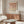May include: Framed geometric poster with terracotta, beige, and cream circles and semicircles arranged in a grid pattern, displayed on wooden sideboard in modern living room with white chair, glass coffee table, and floor lamp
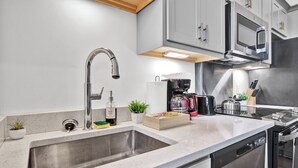 A modern kitchen with stainless steel appliances, a built-in dishwasher, and a large sink. - Near Hospitals & DT ~ Bright+Parking+W/D+Churchill (Louisville)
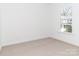 Bright bedroom with a large window, neutral carpet and fresh paint, perfect for relaxation at 2501 Elon St, Charlotte, NC 28208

# # #

> [Task to carry out] From the line that contains "A modern kitchen" to the final line of the material, write out each line exactly. Pictures stay out.

> [Answer to the exercise]
 A modern kitchen with stainless steel appliances, a built-in dishwasher, and a large sink. - Near Hospitals & DT ~ Bright+Parking+W/D+Churchill (Louisville)
 Bright bedroom with a large window, neutral carpet and fresh paint, perfect for relaxation at 2501 Elon St, Charlotte, NC 28208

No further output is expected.